Abstract: Cross-Site Evaluation of a Supportive Housing Demonstration for Child Welfare Involved Families (Society for Social Work and Research 23rd Annual Conference - Ending Gender Based, Family and Community Violence)

Cross-Site Evaluation of a Supportive Housing Demonstration for Child Welfare Involved Families

Schedule:
Saturday, January 19, 2019: 4:00 PM
Golden Gate 6, Lobby Level (Hilton San Francisco)
* noted as presenting author
Mike Pergamit, PhD, Senior Fellow, The Urban Institute, Washington, DC, DC
Mary Cunningham, MPP, Vice President, Urban Institute, District of Columbia, DC
Devlin Hanson, PhD, Senior Research Associate, Urban Institute, Washington DC, DC
Alexandra B. Stanczyk, PhD, Research Associate, Urban Institute, District of Columbia, DC
Rebecca Daniels, BA, Research Analyst, Urban Institute, District of Columbia, DC
Background: The Children’s Bureau awarded five-year demonstration grants to five sites across the country to provide permanent, supported housing to high need families involved with the child welfare system. The families, first referred to local programs in late 2013, were homeless or unstably housed and had multiple needs such as substance abuse, mental health needs, domestic violence, criminal histories, and disabilities. Each site established a randomized control trial and has a local evaluator to test both implementation and outcomes of the intervention, which required that the randomly selected families receive housing and services. Sites varied in the type of housing offered, including vouchers, project based, and local affordable housing developments; in the services provided; and in the service delivery mechanisms. 

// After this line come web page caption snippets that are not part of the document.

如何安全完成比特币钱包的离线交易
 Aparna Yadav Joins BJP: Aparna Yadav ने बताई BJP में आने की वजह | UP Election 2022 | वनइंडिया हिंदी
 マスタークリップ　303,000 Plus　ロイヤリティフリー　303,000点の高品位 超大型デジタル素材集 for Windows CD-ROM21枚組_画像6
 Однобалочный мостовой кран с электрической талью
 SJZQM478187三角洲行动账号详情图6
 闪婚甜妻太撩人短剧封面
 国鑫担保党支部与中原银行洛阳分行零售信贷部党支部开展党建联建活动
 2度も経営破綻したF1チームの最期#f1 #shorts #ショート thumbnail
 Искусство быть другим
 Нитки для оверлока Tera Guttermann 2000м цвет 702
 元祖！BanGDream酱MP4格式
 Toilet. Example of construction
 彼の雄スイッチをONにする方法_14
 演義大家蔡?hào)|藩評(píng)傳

Across sites, 831 families were referred: 386 were randomly assigned to receive the intervention, and 445 families received services as usual. This paper presents findings from the cross-site evaluation which consider child welfare and housing outcomes of all five sites as one group.

Methods: To consider child welfare outcomes, administrative child welfare data were used to examine the probability of removal (for intact families) and probability and speed of reunification (for families with a child in out-of-home care). For all families, the probability and speed of case closure, and the probability of a new maltreatment report for intact and reunified families is examined. Housing impacts were based on a survey of families from the program and services-as-usual group one year after randomization. Several measures are reported including being housed with a lease (versus doubled-up, in a homeless shelter, living in a place not meant for habitation), number of moves over the past year, evictions, periods of homelessness, and expectations about the permanency of their current housing situation. The survey also measured self-reports of housing quality and neighborhood quality. Impacts were estimated using probit regressions for limited-dependent variables, OLS for continuous variables, and survival analysis for measures of time.

Results: Results based on roughly half of the final sample indicate that, compared with the services-as-usual group, program group families had lower regression-adjusted rates of removal (9% v. 15%), higher rates of reunification (50% v. 30%), and lower rates of new reports of maltreatment (34% v. 42%). Analysis of survey data indicate that, across all measures, the program group had more stable and higher quality housing than the services-as-usual group, although it was not necessarily in better neighborhoods. In particular, 86% of the treatment group had a regression-adjusted rate of being housed with a lease of 86% and only 2% had a homeless spell, compared with 45% and 18%, respectively, for the services-as-usual group.

Implications: Permanent supportive housing clearly accomplishes its goal of providing stable housing to high need families. It also holds promise for reducing families’ involvement with the child welfare system and with time children spend in out-of-home care. Conclusions based on the entire sample will be drawn on the effectiveness of the program overall and how site-level differences may explain its strengths and limitations.